Bapopik at AOL.COM Bapopik at AOL.COM
Mon Jul 9 23:51:46 UTC 2001

   Greetings from Vik, Iceland.  "Viking" supposedly comes from a town called Vik in Norway.


   This tour guide referred to a rest stop as a "tea & pee."  The other tour guides from this same company don´t use this.
   I don´t have a CASSELL DICTIONARY OF SLANG handy to look this up.


IAL=Iceland Always Late

(These airline jokes never end--ed.)


   I visited Geysir today.  Our word "geyser" comes from this.  It´s fun and it goes off every five minutes.
   OED has "mudvolcano" and "mofette" but not "mudpot" and "mudspring."
   From THE GREAT GEYSIR, text by Heigi Torfason, Reykjavik 1985:

Pg. 5, Col. 2:  ...a brownish, crumbly rock type known as _moberg_ (peat- or brown-rock) in Icelandic, but its proper name is "hyaloclastite."

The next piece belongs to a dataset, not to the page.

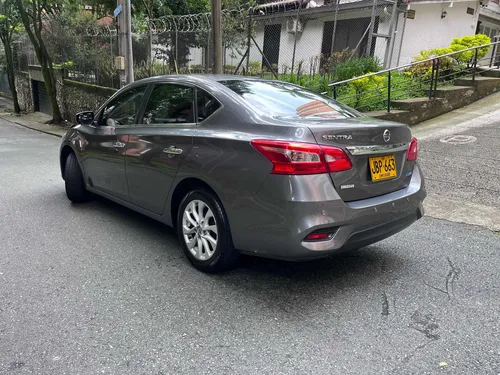 Nissan Sentra 1.8 B17 Fl Sense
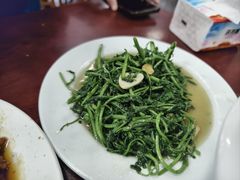 -荣生萝卜汤饭店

Pg. 7, Col. 1:  _Mudpots or mudsprings_ occur in the southern part of the Geysir area, and are very common in other high-temperature geothermal areas in Iceland.  The mudpots form where water is in short supply and all the available water becomes mixed with clay and other undissolved material.  The colour of the mud is often greyish or white and sometimes (Col. 2--ed.) stained reddish or pink by iron compounds.  Around some mudpots the ejected material builds up cones known as "mudvolcanoes."  The temperature in the mudpots is commonly lower than of fumaroles, or around 80-90 (degrees--ed) C.  Mudpots and fumaroles are confined to high-temperature areas.


   Not in OED.
   From VISIT SOUTH ICELAND 2001, pg. 22, col. 2:

_The Saga Hall_
   In autumn 1999 a new replica of a medieval hall, or "skali", will open at the Saga Centre, to re-create the old saga atmosphere.


Pg. 46, Col. 1:  And if you are looking for the most "Icelandic" of all fast foods, try the _"pylsa meo ollu"--a hot dog with everything--_ at any one of the numerous kiosks or stands around the city.

Pg. 48, Col. 1:  To start your day, "kleina", a sort of sweet bread and a cup of coffee could neither be a tastier nor more economical meal.

Pg. 52:  As the ancient Icelandic proverb says, "ale is a different man."